### TASK DIRECTIONS
What you return should be the lines from the one with "Allure Bonbon By Karisma Hotels & Resorts" through the one with "65mm cello bow" in the data below, reproduced exactly with both ends, and no pictures at all.

::: TASK INPUT :::

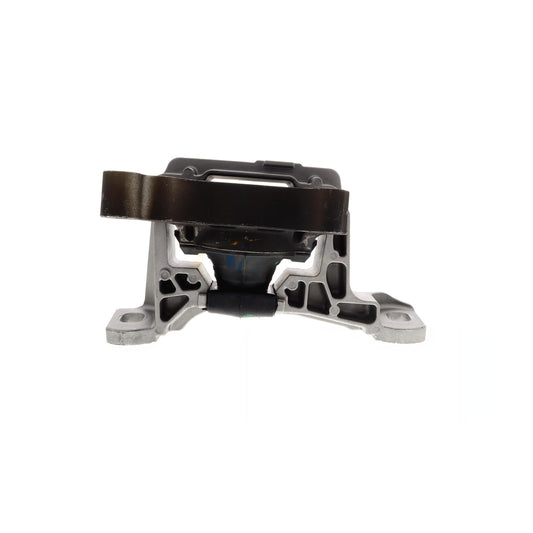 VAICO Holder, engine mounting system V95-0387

:::
::: TASK INPUT :::

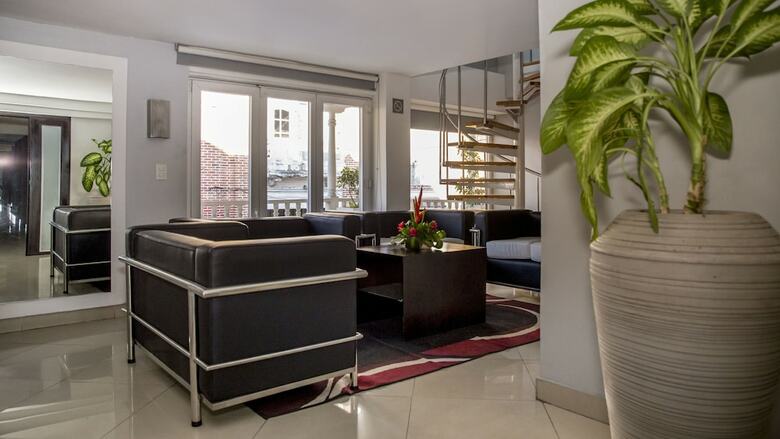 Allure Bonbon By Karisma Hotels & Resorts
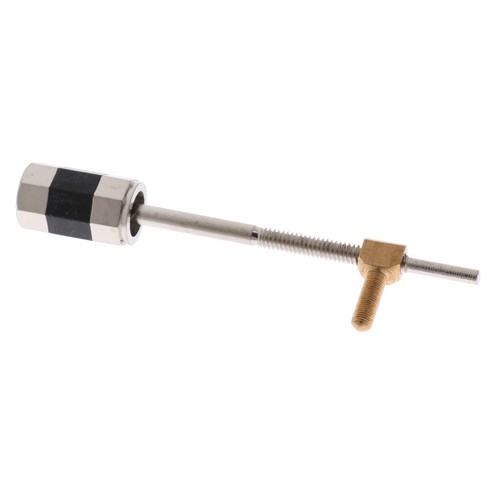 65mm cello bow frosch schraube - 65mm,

:::
::: TASK INPUT :::

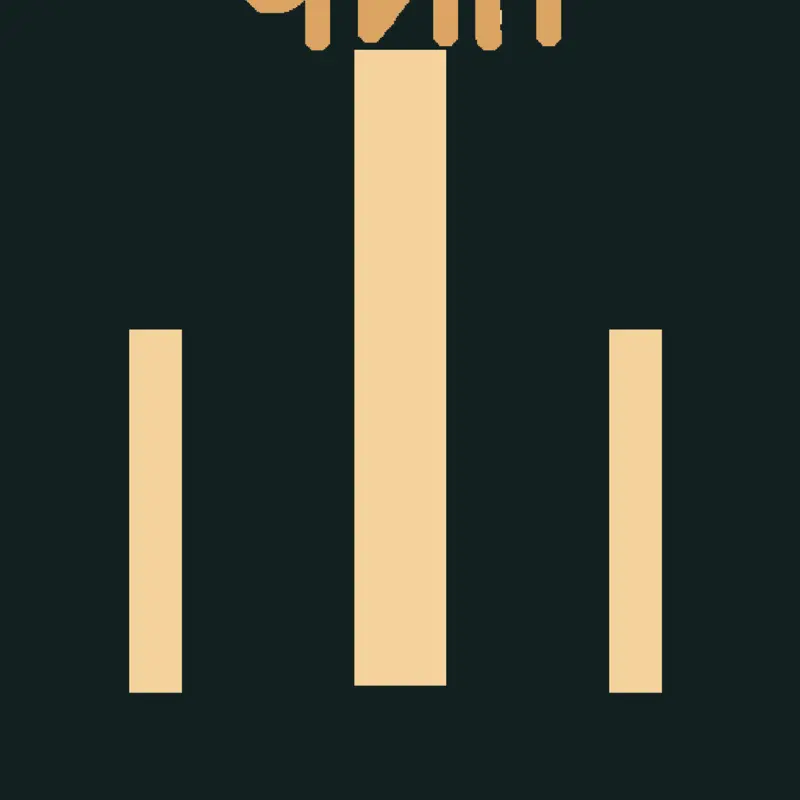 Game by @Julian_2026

:::

### TASK RESPONSE
 Allure Bonbon By Karisma Hotels & Resorts
 65mm cello bow frosch schraube - 65mm,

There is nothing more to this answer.